1852 : La construction du Casino

    
    1852 est véritablement le tournant dans l’histoire d’Étretat, à partir de là, et ce jusqu’à aujourd’hui, la ville est réellement entré dans le monde du tourisme. Avant toute chose il convient de définir ce Casino, car c’est bien loin de notre définition contemporaine. C’est un lieu de sociabilité, on y vient lire son journal et discuter. En 1851, au bord de la plage, le maire du Bosc-le-Hard et conseillé général de Bellencombre, M. Lenormand s’affaire, il veut construire un bâtiment de loisir sur les terrains tenus par l’armée avec vue sur mer. Ainsi le 26 juin 1851, l’armée et le gouvernement lui concèdent les terrains nécessaires. C’est le Fécampois Sautreuil qui fut en charge des travaux. Très vite, le bâtiment est établi sur l’emplacement de la batterie de la Tour[12]. Sous le nom des Bains de mer d’Étretat, le bâtiment est composé de deux salons un pour la lecture, un pour la discussion.

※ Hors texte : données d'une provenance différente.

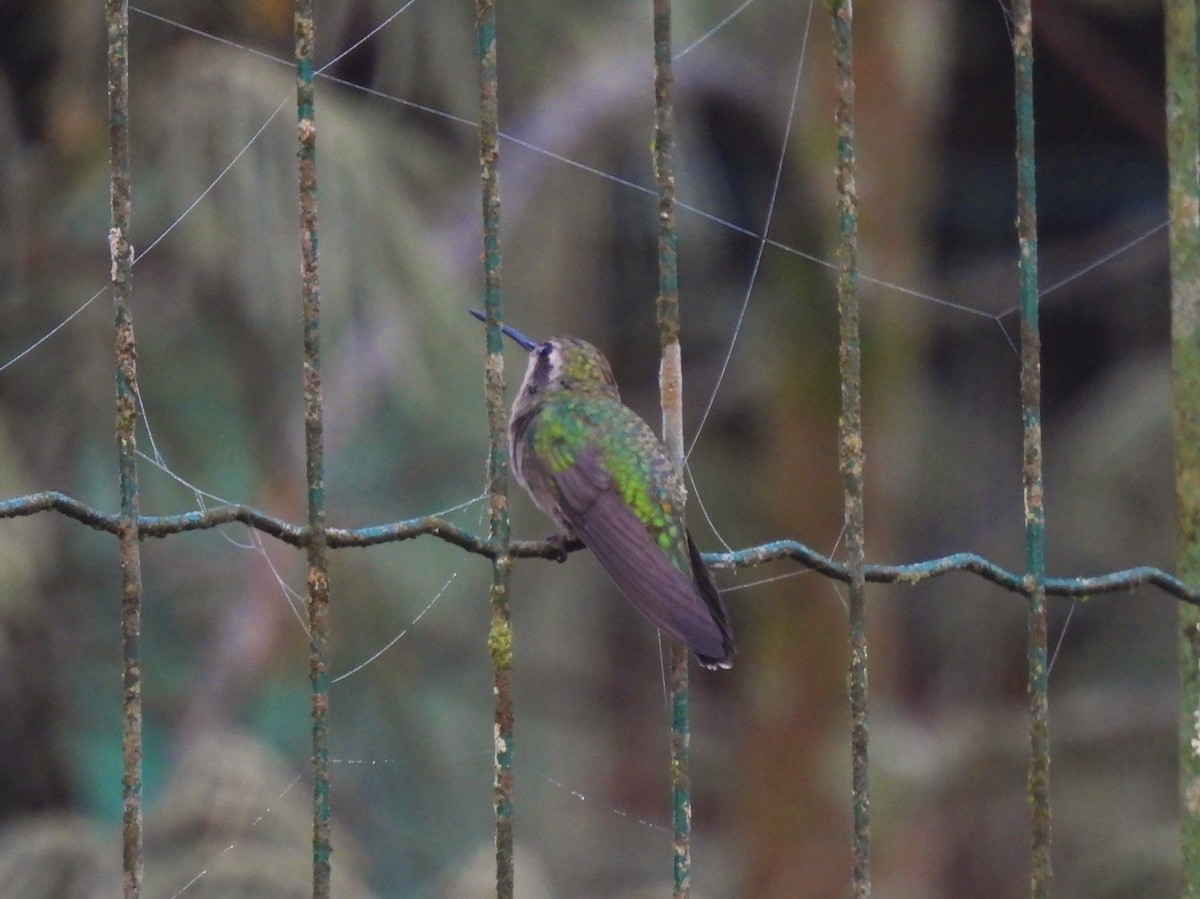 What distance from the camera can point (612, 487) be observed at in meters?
2.55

    C’est trois hommes, choisis par les 200 actionnaires, qui dirigent le Casino :
- Le directeur, le comte Charles de Pardieu ;
- Le sous-directeur, le docteur Miramont ;
- Le secrétaire, l’armateur fécampois Frébourg.

    Le Casino prospère au fil des mois et des années et attire de plus en plus de monde. En 1852 ce sont 1 500 personnes dont le général Cavaignac (gouverneur d’Algérie et président du Conseil des ministres en 1848) et la comtesse de Montalembert, puis en 1853 c'est la reine d’Espagne Marie Christine et ces filles qui visitent les Bains de mer d’Étretat[13]. Le Casino attire du beau monde et fait la renommée de la ville, que ce soit en France ou dans le monde. En 1856, on estime à près de 16 000 visiteurs[14].

    C’est dans les années 1830 que le tourisme cauchois se voit lancé, d’abord à Dieppe puis Veules les Roses, Le Tréport et bien évidemment Étretat. Même si pour ce dernier cela arrive un peu plus tard que les autres à cause notamment de l’absence de ligne chemin de fer. Il faut attendre 1894 pour que celle-ci soit réalisée tandis que la liaison Paris-Dieppe est établie en 1872 et Paris-Le Tréport en 1873[15]. Étretat se trouve à 4h30 de la capitale en train, autant dire que c’est assez rapide pour les Parisiens. Cette nouvelle mobilité incarne parfaitement ces nouveaux loisirs qui vont d’ailleurs continuer de se développer comme nous allons le constater.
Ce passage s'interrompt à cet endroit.